Frauen geben sich mit weniger Gehalt zufrieden

Frauen sind offenbar mit weniger Lohn und Gehalt zufrieden als Männer. Zu diesem Ergebnis kommt eine aktuelle Studie des Deutschen Instituts für Wirtschaftsforschung (DIW) sowie der Universitäten Bielefeld und Konstanz. In zwei repräsentativen Umfragen wollten die Wissenschaftler von Erwerbstätigen wissen, welches Einkommen sie für ihre Arbeit als gerecht empfinden.
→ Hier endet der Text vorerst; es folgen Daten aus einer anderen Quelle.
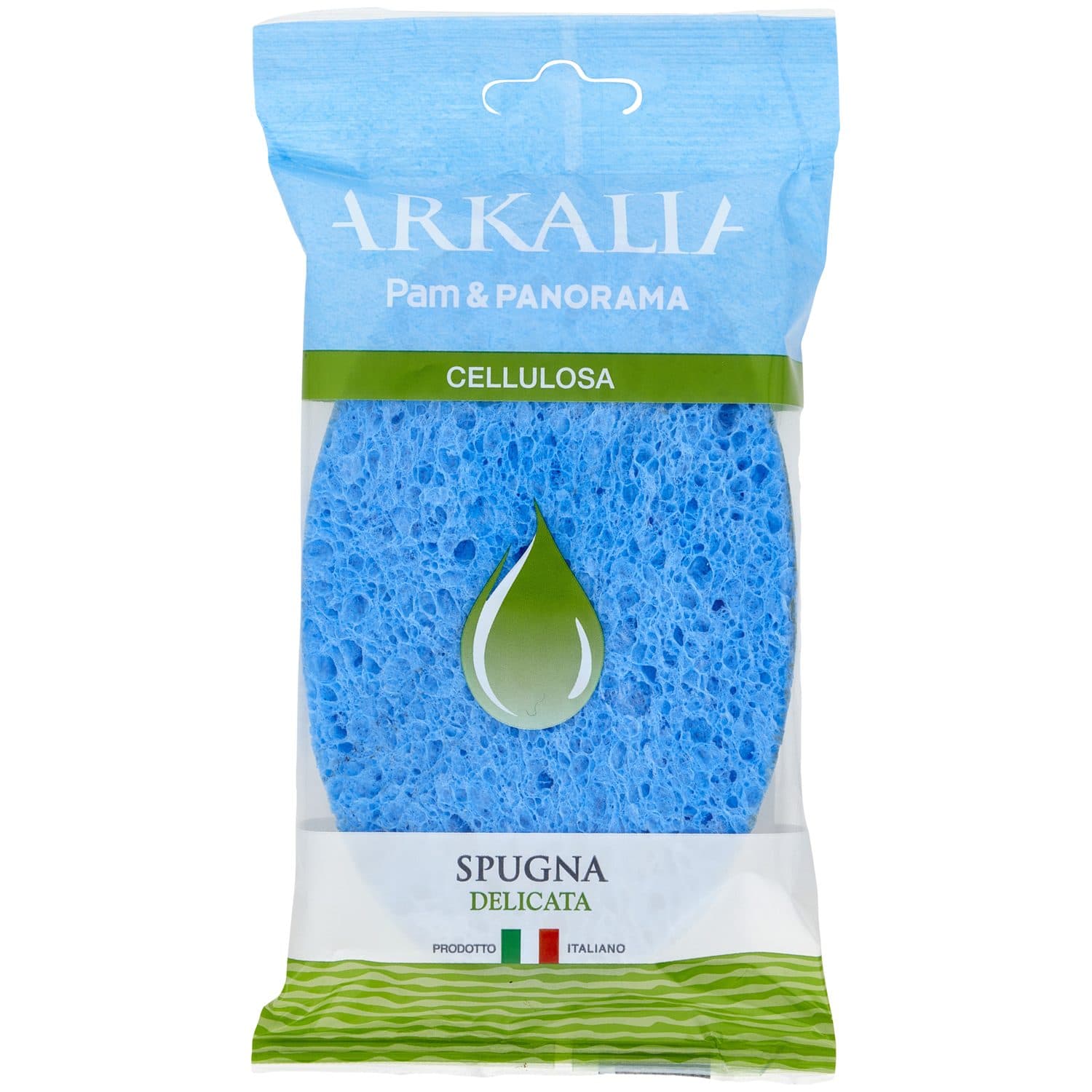 ARKALIA Spugna Bagno-Doccia Delicata – immagine 2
Frauen gaben dabei Summen an, die um rund ein Viertel niedriger lagen als die Gehaltsvorstellungen von Männern – völlig unabhängig von Einkommensschicht und Branche.

Zwar bewerten die weiblichen Befragten eine ungleiche Bezahlung von Männern und Frauen grundsätzlich als ungerecht. Doch sobald sie konkrete Einkommen benennen sollen, schätzen sie den Wert der Arbeit von Frauen niedriger ein. Das Wunschgehalt von Frauen liege sogar deutlich unter dem realen Einkommen von Männern in diesen Positionen, so die Autoren der Studie. Die Forscher erklären sich ihre Befunde damit, dass sich die Vorstellung von einem gerechten Einkommen vor allem durch den Vergleich mit Personen herausbilde, die ähnliche Merkmale aufwiesen oder sich in ähnlichen Lebenslagen befänden.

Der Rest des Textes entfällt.